** Task to carry out **
Please transcribe the listing below in full and word for word, without its pictures.

** Entries supplied **
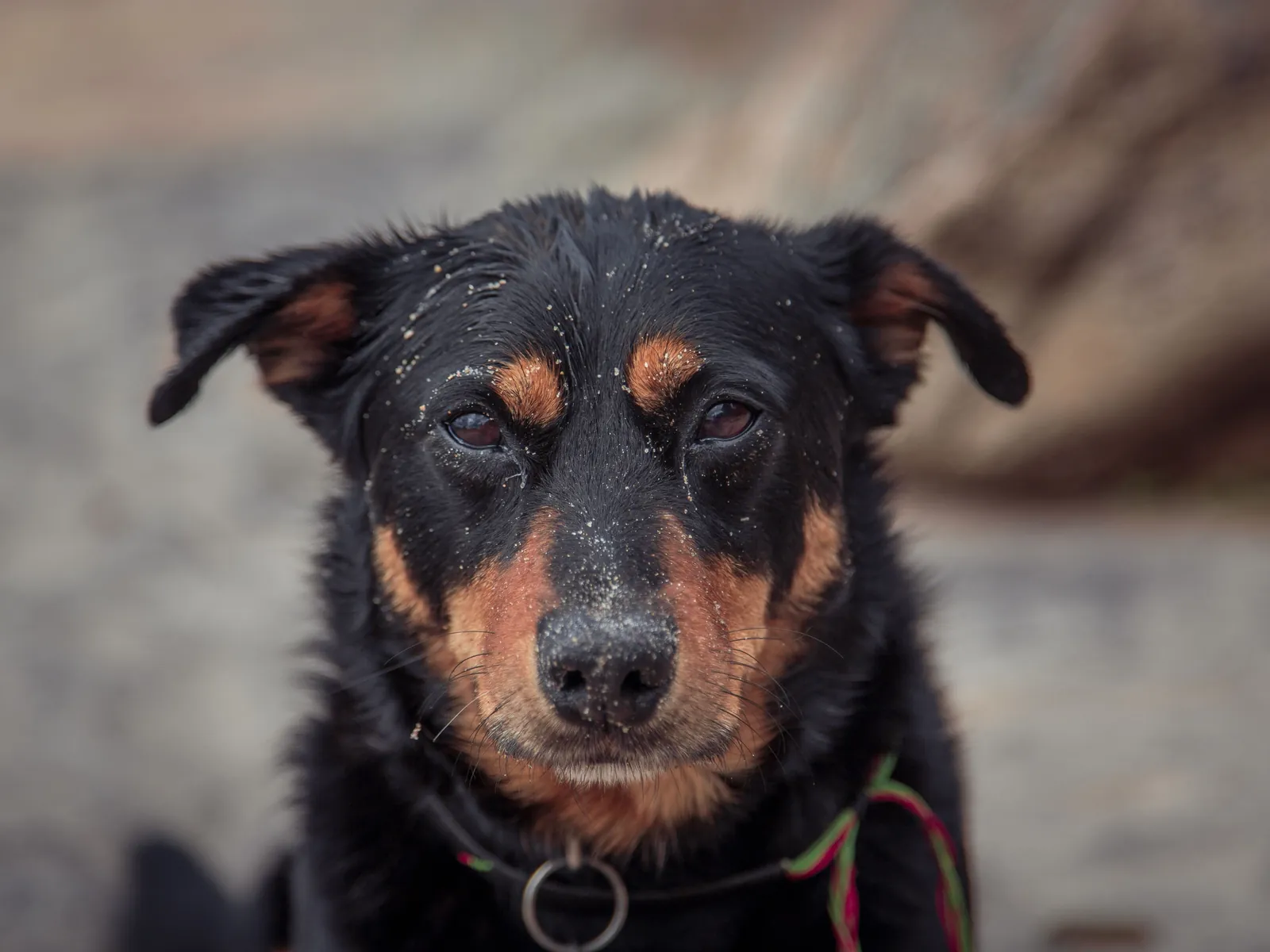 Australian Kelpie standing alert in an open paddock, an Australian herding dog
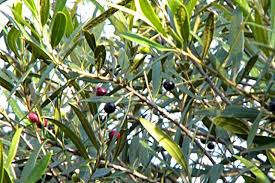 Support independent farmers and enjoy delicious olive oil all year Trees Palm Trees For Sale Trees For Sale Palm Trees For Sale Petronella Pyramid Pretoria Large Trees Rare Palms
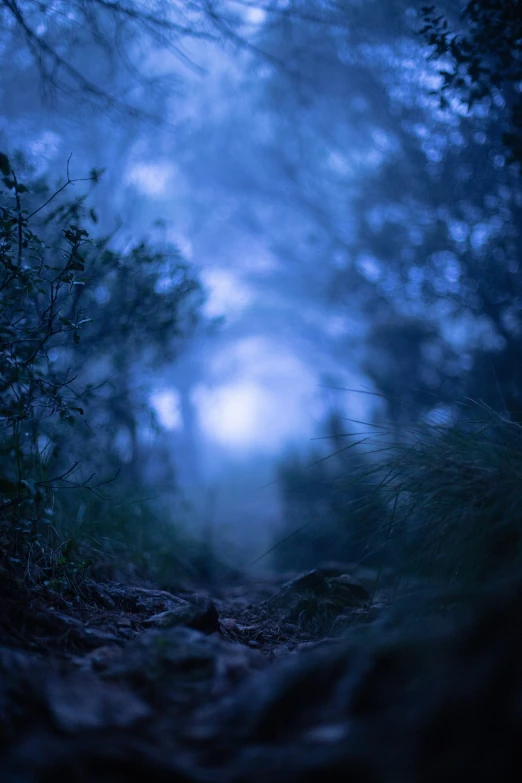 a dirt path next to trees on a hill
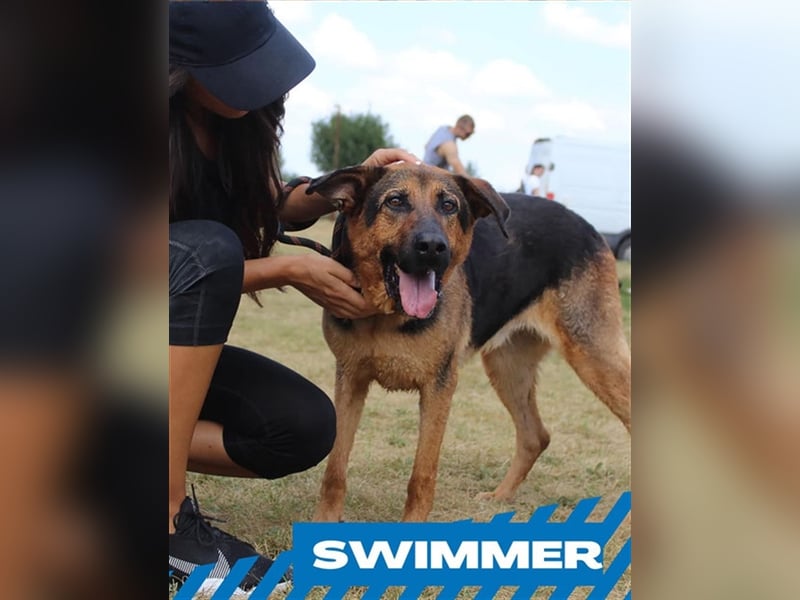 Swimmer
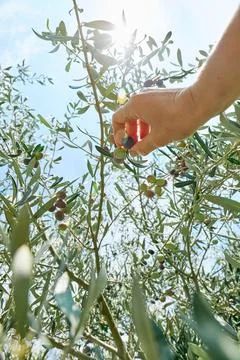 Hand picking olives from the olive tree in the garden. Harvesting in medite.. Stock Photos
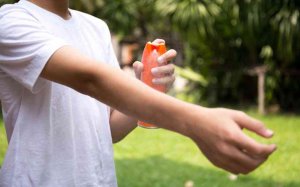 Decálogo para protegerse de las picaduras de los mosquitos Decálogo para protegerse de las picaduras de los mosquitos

** Answer box **
 Australian Kelpie standing alert in an open paddock, an Australian herding dog
 Support independent farmers and enjoy delicious olive oil all year Trees Palm Trees For Sale Trees For Sale Palm Trees For Sale Petronella Pyramid Pretoria Large Trees Rare Palms
 a dirt path next to trees on a hill
 Swimmer
 Hand picking olives from the olive tree in the garden. Harvesting in medite.. Stock Photos
 Decálogo para protegerse de las picaduras de los mosquitos Decálogo para protegerse de las picaduras de los mosquitos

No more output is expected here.